> **Dataset extract**
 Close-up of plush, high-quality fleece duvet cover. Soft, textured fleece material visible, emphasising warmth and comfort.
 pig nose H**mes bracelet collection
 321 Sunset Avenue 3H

> **What you need to do**
Please restate the material above, word for word and in full.

> **Solution to this exercise**
 Close-up of plush, high-quality fleece duvet cover. Soft, textured fleece material visible, emphasising warmth and comfort.
 pig nose H**mes bracelet collection
 321 Sunset Avenue 3H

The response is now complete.